Updated on 2024-12-19 GMT+08:00

Processing XML

To process values of the XML data type, GaussDB (DWS) provides the xpath and xpath_exists functions, as well as the XMLTABLE table function.

xpath(xpath, xml [, nsarray])

Description: Returns an array of XML values corresponding to the set of nodes produced by the xpath expression. If the xpath expression returns a scalar value instead of a set of nodes, an array of individual elements is returned.

The second parameter xml must be a complete XML document, which must have a root node element.

The third parameter is optional and is an array mapping of a namespace. The array should be a two-dimensional text array, and the length of the second dimension should be 2. (It should be an array of arrays, each containing exactly two elements). The first element of each array item is the alias of the namespace name, and the second element is the namespace URI. The alias provided in this array does not have to be the same as the alias used in the XML document itself. In other words, in the context of both XML documents and xpath functions, aliases are local.

Return type: XML value array

Example:

1
2
3
4
5
SELECT xpath('/my:a/text()', '<my:a xmlns:my="http://example.com">test</my:a>', ARRAY[ARRAY['my', 'http://example.com']]);
 xpath
--------
 {test}
(1 row)

Process the default (anonymous) namespace:

1
2
3
4
5
SELECT xpath('//mydefns:b/text()', '<a xmlns="http://example.com"><b>test</b></a>',ARRAY[ARRAY['mydefns', 'http://example.com']]);
 xpath
--------
 {test}
(1 row)

xpath_exists(xpath, xml [, nsarray])

Description: The xpath_exists function is a special form of the xpath function. This function does not return an XML value that satisfies the xpath function; it returns a Boolean value indicating whether the query is satisfied. This function is equivalent to the standard XMLEXISTS predicate, but it also provides support for a namespace mapping parameter.

Return type: bool

Example:

1
2
3
4
5
SELECT xpath_exists('/my:a/text()', '<my:a xmlns:my="http://example.com">test</my:a>', ARRAY[ARRAY['my', 'http://example.com']]);
 xpath_exists
--------------
 t
(1 row)

xmltable

Description: Generates a table based on the input XML data, XPath expression, and column definition. An xmltable is similar to a function in syntax, but it can appear only as a table in the FROM clause of a query.

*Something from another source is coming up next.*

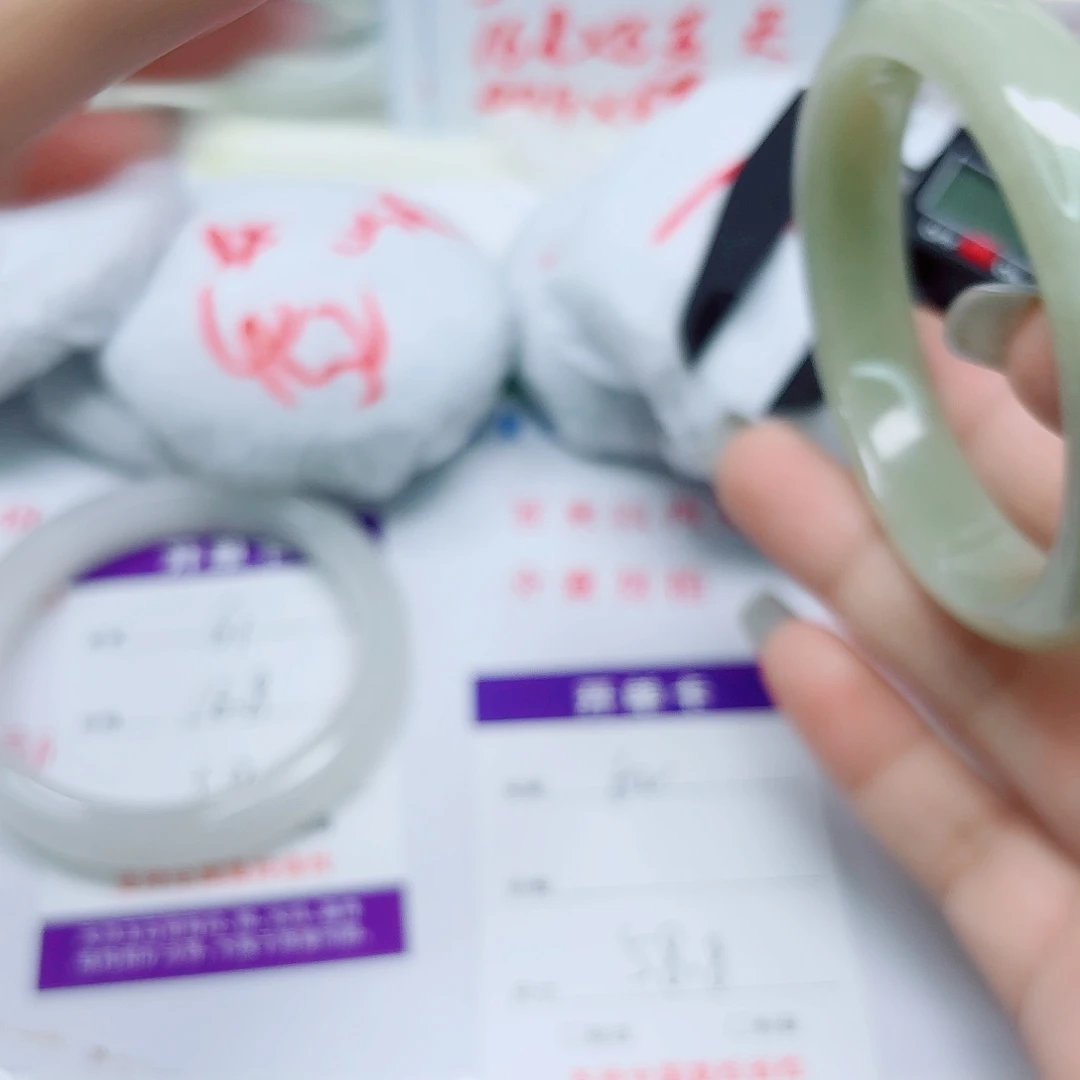 未镶嵌手镯石英质玉62/5859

Return value: setof record

Syntax:

1
2
3
4
5
6
XMLTABLE ( [ XMLNAMESPACES ( namespace_uri AS namespace_name [,  ...] ), ]
                row_expression PASSING [ BY  { REF | VALUE } ]
document_expression [ BY  { REF | VALUE } ]
COLUMNS name  { type  [ PATH column_expression  ] [ DEFAULT default_expression ] [ NOT NULL | NULL ] | FOR ORDINALITY }
[, ...]
)

Parameter:

  • The optional XMLNAMESPACES clause is a comma-separated list of namespace definitions, where each namespace_uri is a text-type expression and each namespace_name is a simple identifier. XMLNAMESPACES specifies the XML namespaces used in the document and their aliases. The default namespace declaration is not supported.
  • The mandatory parameter row_expression is an XPath 1.0 expression. This expression calculates the sequence of XML nodes based on the provided XML document document_expression. The sequence is the sequence of converting xmltable to output lines. If the document_expression value is NULL or an empty node set generated by row_expression, no line is returned.
  • The document_expression parameter is used to input an XML document. The input document must be in the XML format. XML fragment data or XML documents in incorrect format are not accepted. The BY REF and BY VALUE clauses do not take effect. They are used only to implement SQL standard compatibility.
  • The COLUMNS clause specifies the column list definition in the output table. The column name and column data type are mandatory, and the path, default value, and whether the clause is empty are optional.
    • column_expression of a column is an XPath 1.0 expression used to calculate the value of the column extracted from the current row based on row_expression. If column_expression is not specified, the field name is used as an implicit path.
    • A column can be marked as NOT NULL. If column_expression in the NOT NULL column does not return any data, and there is no DEFAULT clause or the calculation result of default_expression is NULL, an error is reported.
    • The columns marked as FOR ORDINALITY are filled with row numbers starting from 1. The sequence is the node sequence retrieved from the row_expression result set. A maximum of one column can be marked as FOR ORDINALITY.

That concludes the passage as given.